**Supplied material:**
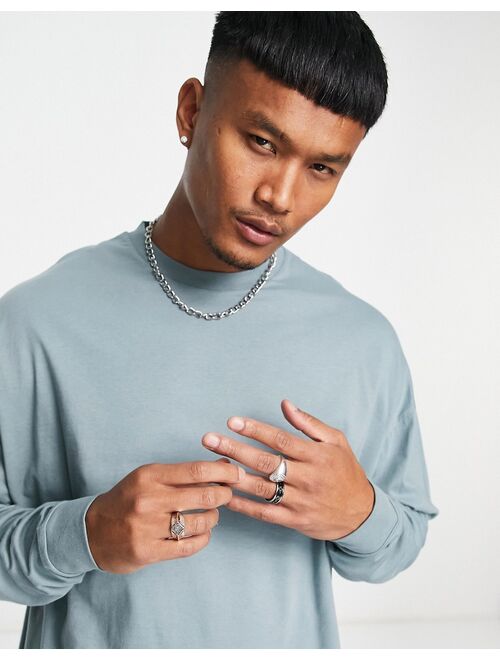 ASOS DESIGN long sleeve oversized T-shirt in gray blue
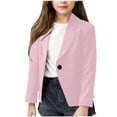 thumbnail image 1 of TEAJOPSUU Girls Blazer Jacket Solid Color Lapel Cropped Suit Long Sleeve Shawl Collar formal Blazers Open Front Inner Pocket for Kids 5-14 Year B-Pink, 1 of 5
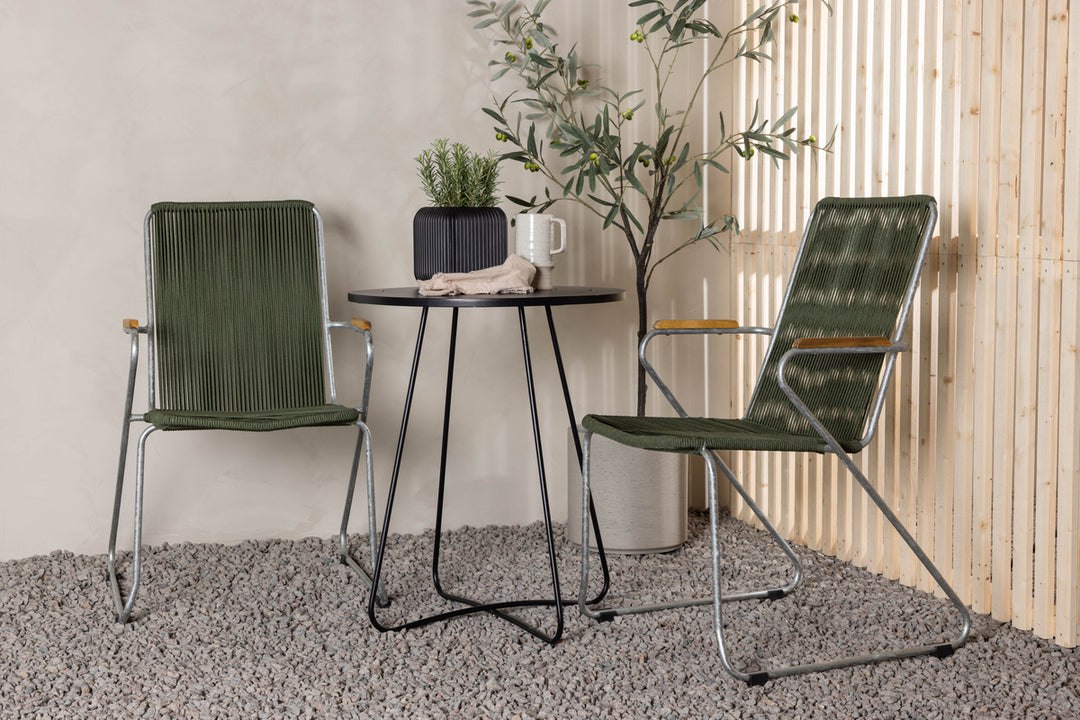 Bacong & Bois Cafebord Svart + Matstolar Grön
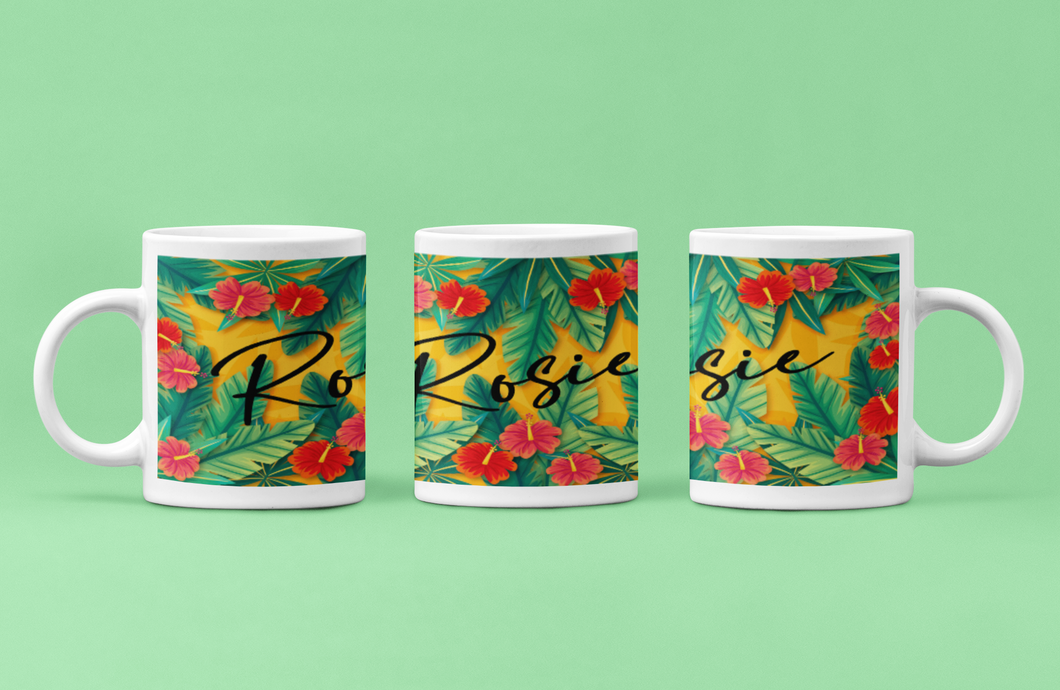 Personalised Flower Banner Mug | Custom Flower Wrap Mug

**What the task asks:** Your response must reproduce the listing above word for word and must contain none of its pictures.

**Output of the exercise:**
 ASOS DESIGN long sleeve oversized T-shirt in gray blue
 thumbnail image 1 of TEAJOPSUU Girls Blazer Jacket Solid Color Lapel Cropped Suit Long Sleeve Shawl Collar formal Blazers Open Front Inner Pocket for Kids 5-14 Year B-Pink, 1 of 5
 Bacong & Bois Cafebord Svart + Matstolar Grön
 Personalised Flower Banner Mug | Custom Flower Wrap Mug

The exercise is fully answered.